PROVIDED MATERIAL Block Start
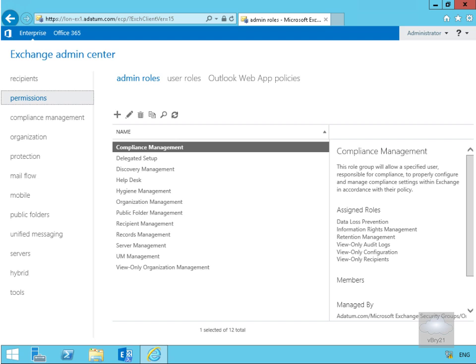In this demonstration we're going to look at configuring custom role groups. When we install Exchange Server 2016, we get some pre-created admin roles, and these are represented by Active Directory groups. What we're going to do is create a custom role group and add some roles and members to that role group. We've come to the Exchange Admin Center, to the permissions node, and within permissions, to admin roles.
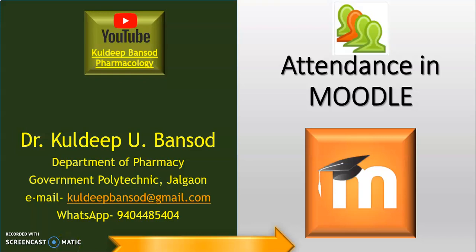Hello, I am Dr. Kuldeep from Department of Pharmacy, Government Polytechnic, Jalga. I welcome you all in this video tutorial on Attendance in Moodle.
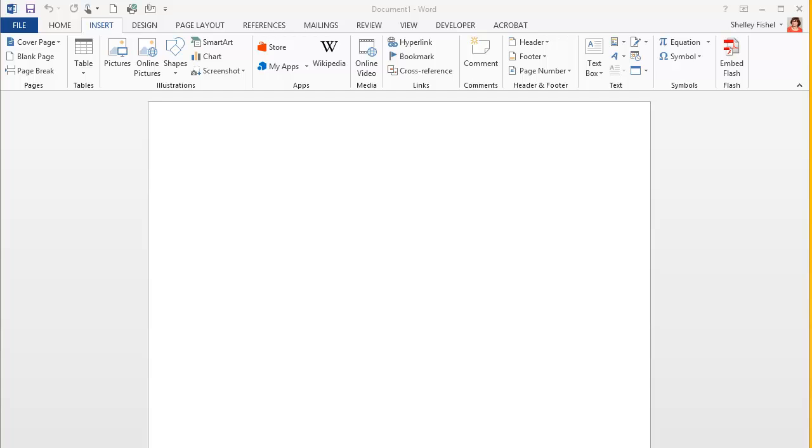In Office 2013, Clipart has been taken out. We now have different ways of adding images to documents.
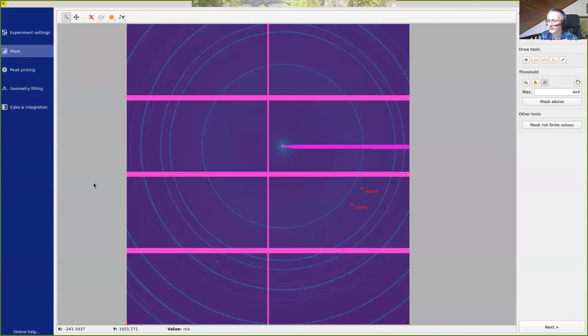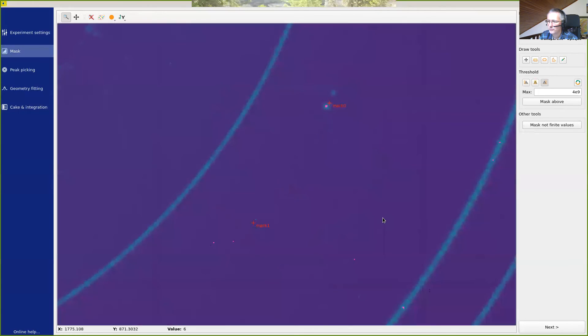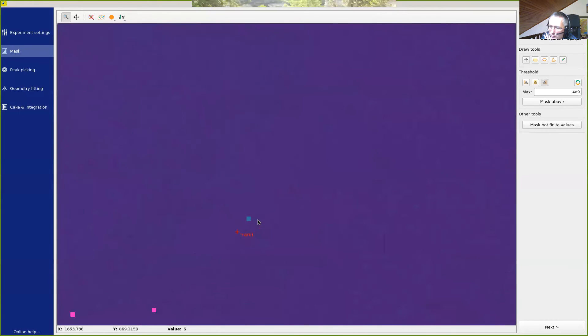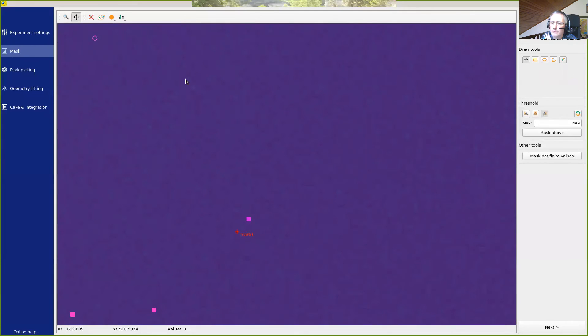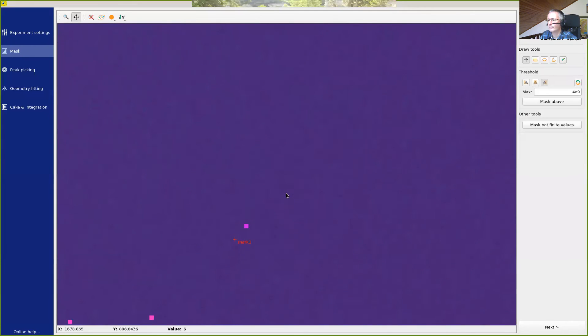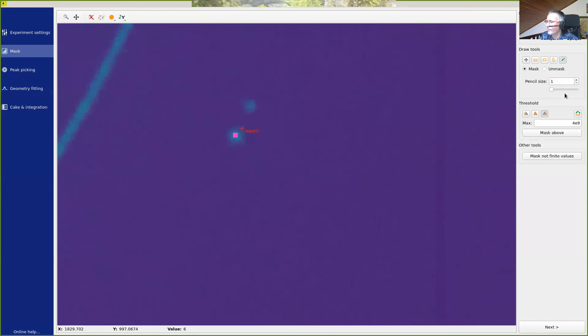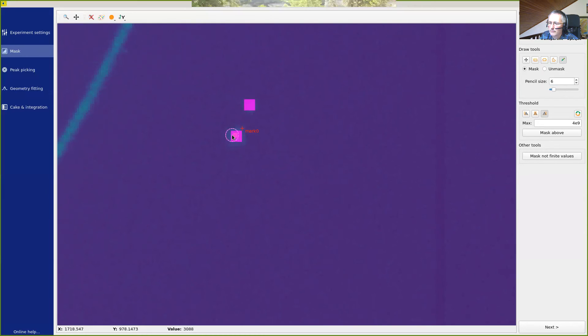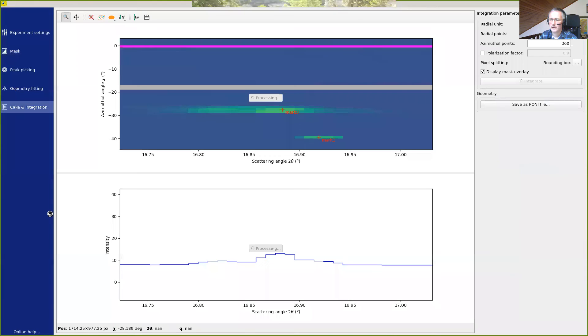And then go back to the mask region. If we zoom at this position, we can see that we have some regions with high intensity that we wish to mask using the pencil tool. Like this. And once this is done, we have masked out those regions. And if we go back to the cake integration, we can see that those pixels have disappeared.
PROVIDED MATERIAL Block End
### PROBLEM REQUIREMENTS
Repeat, with no pictures, each line from the beginning of the data through the line containing "Hello, I am", inclusive.

### YOUR RESPONSE
In this demonstration we're going to look at configuring custom role groups. When we install Exchange Server 2016, we get some pre-created admin roles, and these are represented by Active Directory groups. What we're going to do is create a custom role group and add some roles and members to that role group. We've come to the Exchange Admin Center, to the permissions node, and within permissions, to admin roles.
Hello, I am Dr. Kuldeep from Department of Pharmacy, Government Polytechnic, Jalga. I welcome you all in this video tutorial on Attendance in Moodle.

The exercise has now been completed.